Assignment — When the line with "тонером в положение разблокировки. Сдвиньте" appears below, start repeating lines exactly, and keep going through the line with "распределился в нем равномерно."; add nothing outside that span.

Records for processing —
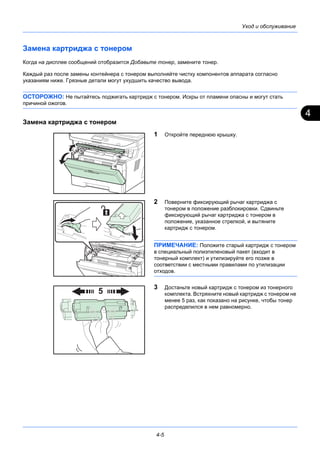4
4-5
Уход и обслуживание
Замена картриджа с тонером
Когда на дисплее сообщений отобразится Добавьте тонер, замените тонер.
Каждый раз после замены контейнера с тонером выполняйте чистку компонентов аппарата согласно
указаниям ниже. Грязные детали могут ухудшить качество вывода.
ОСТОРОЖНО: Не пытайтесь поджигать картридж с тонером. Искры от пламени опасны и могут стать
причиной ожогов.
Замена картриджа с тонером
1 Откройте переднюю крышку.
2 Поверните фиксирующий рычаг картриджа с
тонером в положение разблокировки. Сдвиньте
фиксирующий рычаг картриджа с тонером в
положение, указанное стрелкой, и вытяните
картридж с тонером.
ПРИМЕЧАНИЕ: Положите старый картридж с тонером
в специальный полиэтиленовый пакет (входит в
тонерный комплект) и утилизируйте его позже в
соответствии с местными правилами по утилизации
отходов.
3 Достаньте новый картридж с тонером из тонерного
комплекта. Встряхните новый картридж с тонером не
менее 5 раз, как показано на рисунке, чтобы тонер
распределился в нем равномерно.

* * *

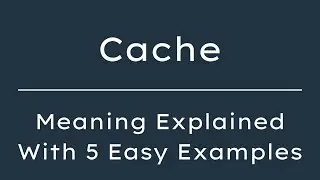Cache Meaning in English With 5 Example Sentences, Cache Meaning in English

Answer space —
тонером в положение разблокировки. Сдвиньте
фиксирующий рычаг картриджа с тонером в
положение, указанное стрелкой, и вытяните
картридж с тонером.
ПРИМЕЧАНИЕ: Положите старый картридж с тонером
в специальный полиэтиленовый пакет (входит в
тонерный комплект) и утилизируйте его позже в
соответствии с местными правилами по утилизации
отходов.
3 Достаньте новый картридж с тонером из тонерного
комплекта. Встряхните новый картридж с тонером не
менее 5 раз, как показано на рисунке, чтобы тонер
распределился в нем равномерно.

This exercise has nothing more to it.